The cache statistics from the 2 MiB and 4 MiB simulations are given below. The number of misses to the L3 is only slightly higher with the 4 MiB L3 than it is with the 2 MiB L3. The difference of 15 misses (a 0.064% increase) does not seem to be large enough to account for the difference in run time. The data also shows that the number of accesses to the L3 has dropped noticeably with the increase in cache size (by 9245 accesses or 4.4%). This would suggest that the number of misses to the L2 has increased, which is indeed the case (by 4517 misses or 3.6%). This is a bit counterintuitive, as it seems that a change in the L3 size should not affect the L2 activity. Likewise, we see a change in the L1 instruction cache activity also. The only quantity that appears to remain constant is the number of accesses to the L1 data cache.

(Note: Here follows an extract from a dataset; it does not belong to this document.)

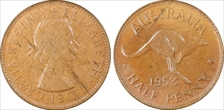 1953 A. (p) 1/2D MS63RB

From a question I asked on the Sniper mailing list in May, it has become clear that the way that cache stats are counted is not as simple as one might first imagine. It is important to take such points into account when reviewing this data.

There is a post on the Sniper mailing list regarding a similar problem in which someone observed decreasing performance with increasing L2 size. However, this case involved a parallel application. According to that discussion, it seems that parallelism was a root cause of the unexpected behavior. In my case, however, I am running a single, sequential application.



2MiB L3:
Execution Time (ns) 13050531

Cache L1-I
num cache accesses 3430983
num cache misses 3105

Cache L1-D
num cache accesses 14697313
num cache misses 134331

Cache L2
num cache accesses 228931
num cache misses 126219

Cache L3
num cache accesses 211220
num cache misses 23432

4MiB L3:
Execution Time (ns) 14356859

Cache L1-I
num cache accesses 3440668
num cache misses 3337

Cache L1-D
num cache accesses 14697313
num cache misses 134352

Cache L2
num cache accesses 229190
num cache misses 121702

Cache L3
num cache accesses 201975
num cache misses 23447




Update: (3 July) I received a response from one of the Sniper developers. He recommended setting the "traceinput/address_randomization" configuration parameter to "false". I did so, and the new results show the same execution time for all cases where the L3 cache was set to a size larger than 1 MiB. The new results are shown in the figure below.